Família,
depositária da vida
Oito de dezembro
é o Dia Nacional da Família. Foi
instituído por decreto de João
Goulart, num momento especial em
que as forças conservadoras
assacavam contra o Presidente a
pecha de ser inimigo da família.
Lembre-se que as “marchas da
família, com Deus, pela
liberdade” deram suporte ao
golpe que derrubou o Presidente
constitucional e inaugurou uma
das mais longas ditaduras do
país. Ultrapassada a
circunstância histórica que
motivou a data, esse dia
comemorativo merece ser
reverenciado porque a família,
entendida como célula de
solidariedade e de abertura para
o próximo e para o mundo, é
sinal de vitalidade na vida de
um povo.
O artigo 16 da
Declaração Universal dos
Direitos Humanos cuida do
casamento e da família.
Este artigo é
subdividido em 3 parágrafos:
o primeiro trata
do direito ao casamento e à
fundação da família e da
igualdade de direitos de homens
e mulheres;
o segundo
estabelece o princípio do livre
consentimento como inerente ao
casamento;
o terceiro define
a família como núcleo natural e
fundamental da sociedade,
acrescentando que a família tem
direito à proteção da sociedade
e do Estado.
O entendimento
textual do artigo não dá a
medida de sua significação
global. Só a interpretação
axiológica, que é indispensável
para a exata compreensão da lei,
permite retirar do texto os
princípios que o fundamentam.
A família é
depositária da vida, e não só da
vida biológica, mas da vida
espiritual, afetiva. Situa-se
num plano existencial que
suplanta definições limitadas,
moralistas e preconceituosas.
A missão da
família estende-se por quatro
planos:
a) aquele que se
relaciona com as próprias
pessoas que se casam. A família
deve contribuir para
proporcionar felicidade e
realização humana.
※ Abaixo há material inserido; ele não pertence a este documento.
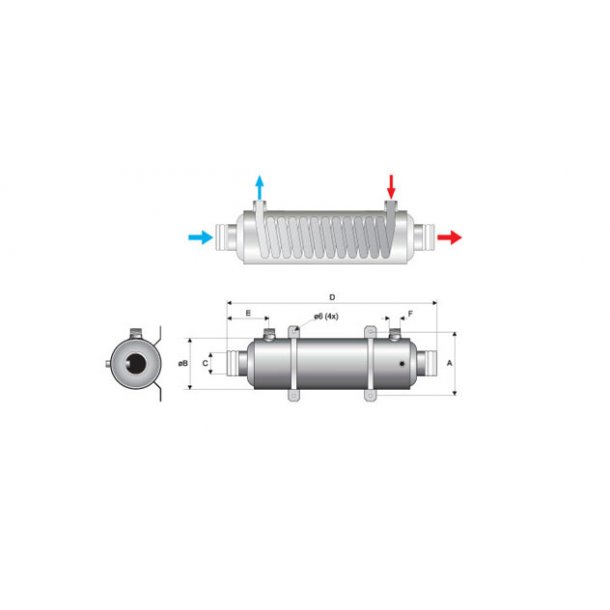 Varmeveksler Pool Pahln Titanium Saltvand Flere strrelser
Se a família
só tivesse sentido como geradora
de vida, que dizer dos casais
que não têm filhos?
b) aquele que se
corporifica na geração e
educação dos filhos, numa
atmosfera de segurança e amor;
c) aquele que se
realiza quando se gera na alma,
através do filho adotivo;
d) aquele que se
concretiza na ampliação da
família, não apenas pelas
adoções, já referidas, como pelo
acolhimento de pais, avós,
agregados.
A família não é
somente, nem principalmente uma
instituição jurídica. Daí
merecer todo respeito a família
que se forma sem casamento
legal. Também é família, sagrada,
respeitável, a da mãe solteira e
do filho ou filhos que advenham
em tal situação.
Não cabe nesta
matéria qualquer espécie de
julgamento dogmático. O amor
tudo santifica e enobrece, como
está escrito na célebre epístola
de Paulo Apóstolo.
Neste mundo de
hoje, mundo de materialismo, no
qual se apresenta a família como unidade
de consumo (consumo
capitalista, não o consumo numa
linha ética), vale a pena lutar
pela ideia de família como unidade
de amor.
João Baptista
Herkenhoff, 75 anos, é professor
pesquisador da Faculdade Estácio
de Sá do Espírito Santo,
palestrante Brasil afora e
escritor. Foi um dos fundadores
da Comissão de Justiça e Paz da
Arquidiocese de Vitória. Autor
do livro Curso de Direitos
Humanos (Editora Santuário,
Aparecida, SP, 2011).
É livre a
divulgação deste texto, por
qualquer meio ou veículo,
inclusive através da transmissão
de pessoa para pessoa. Seria
desejável que este artigo
circulasse nas imediações do Dia
Nacional da Família (Oito de
dezembro, como registrado). O
título da matéria pode ser
alterado, se convier.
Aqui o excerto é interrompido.